Does your gender affect your credit score?

Published Feb 13, 2016

Share

New York - In the contest for the gender with the best credit, men win - but only by a hair.

The average credit score for men is 630 out of a possible 850, compared with 621 for women. What's more intriguing: Men maintain that credit edge even though their average overall debt and average credit card balance exceed the averages for women.

Men's higher wages may help explain the difference in results, which come from a study of users of the website Credit Sesame. While income isn't a factor in credit scores, 23 percent of men in the study, which sampled more than 2.5 million of the site's 7 million members, said they earned at least $75 000 a year, while only 18 percent of women reported earning that much. Greater financial flexibility makes managing credit easier, apparently.

Also read:  Slow progress for gender equality

Here are other ways the credit picture differs for men and women:

Women use a higher percentage of available credit

The income gap strikes again here, leading to a bit of a catch-22. If a higher income means you manage your credit better, you may get a higher credit score and a higher credit limit. A higher limit means that you can carry the same or a higher balance than the next person, but you'll be using a smaller percentage of your available credit. And utilising a low percentage of your total credit is good for your credit score.
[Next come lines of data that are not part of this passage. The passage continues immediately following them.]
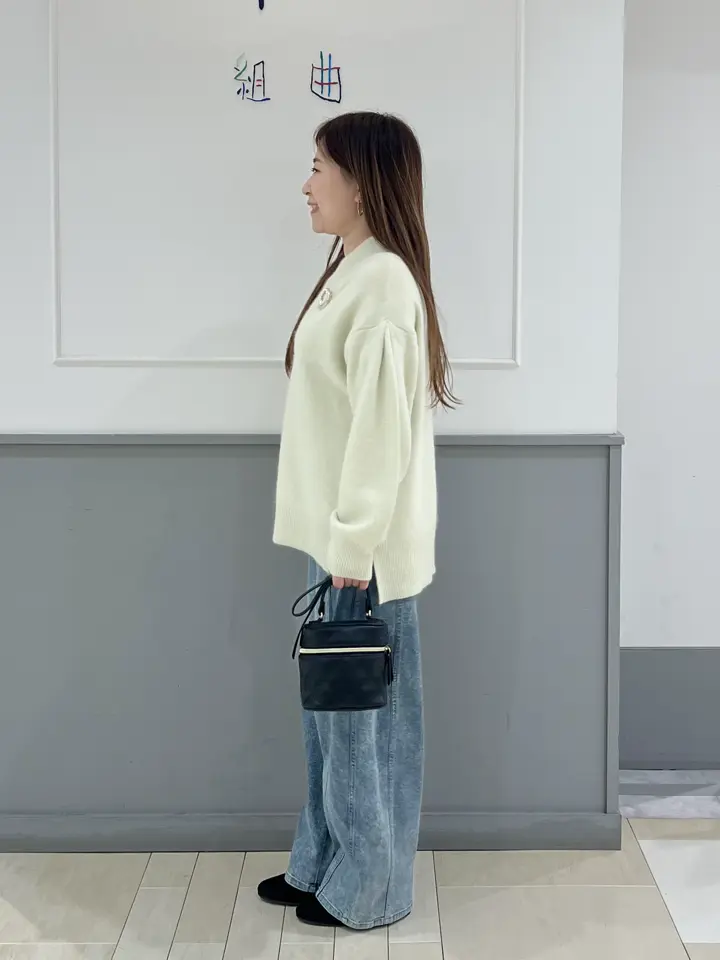 組曲 スタッフ コーディネート画像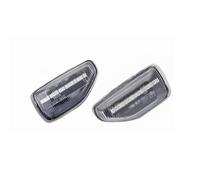 Auto luci indicatori Compatibile Con Dacia Per Logan MCV II 2013 2014 2015 2016 2017 2018 2019 2020 Indicatore Laterale Lampada Indicatori Di Direzione Luci D'angolo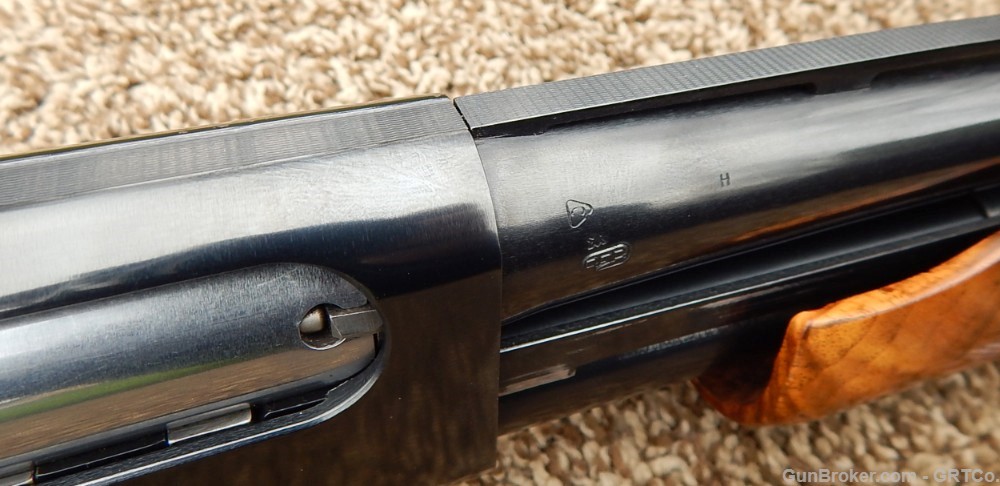 Remington 870 TB Trap  – 12 ga. - 30" Full choke - 1975-img-15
Credit scores for both genders improve with age

This makes sense, assuming consumers get smarter about how to use credit, and more aware of how important a good score can be, as they get older. Also, as the years add up, odds are you're paying down your mortgage and working to get rid of debt. Even if you have a high limit on your credit cards, you're likely (hopefully) able to draw on a lesser percentage of it than you did when you were younger. The benefits of age accrue more to men in credit scores. At age 65 or above, male users of Credit Sesame had a score of 705, while women in the same age range had a score of 690. Credit scores rose significantly for both genders after age 54.

Male and female credit ninjas live in affluent coastal pockets

Three of the five postal codes with the highest credit scores for women were in New York City, with scores ranging from 728 to 733 - and median household incomes, the Census Bureau shows, ranging from $100 763 to $115 485. The other two postal codes were in San Francisco (average score of 733); the 94114 postal code there has a median household income of just under $123 000.

The postal codes with the highest credit scores for men are in Arlington, Virginia (745); Cupertino, California (740); and New York (734). Cupertino, home to Apple's headquarters, takes the cake for the postal code with the highest median household income in the group, at $130 961. The median value of owner-occupied housing units in Appledom tops $1 million. But here's one thing about those folks not worthy of envy - how many annoying credit card solicitations they get in the mail. In cities where men have the lowest scores, women score higher.

Also read:  Women’s rights? Engage male power

Here's a Pyrrhic victory: In six of the 10 postal codes where men's credit scores are the lowest, women's scores beat them. That includes places like Columbus, Ohio, and Detroit, where men have an average credit score of around 570. Women score five points higher.

That gender gap is also probably tied to income. Credit Sesame found that the unemployment rate for women in some of those cities is lower than it is for men. But the median incomes are very low, under $45 000 for Columbus and just more than $26 000 for Detroit and the poverty levels are striking. The share of people living below the poverty level in Detroit is almost 43 percent. That compares with 4.3 percent in Cupertino.

“In some ways, it's good news that the study shows there isn't a huge discrepancy between the credit scores for men and women,” says Stew Langille, Credit Sesame's chief strategy officer. “But it doesn't feel as equitable as it should.”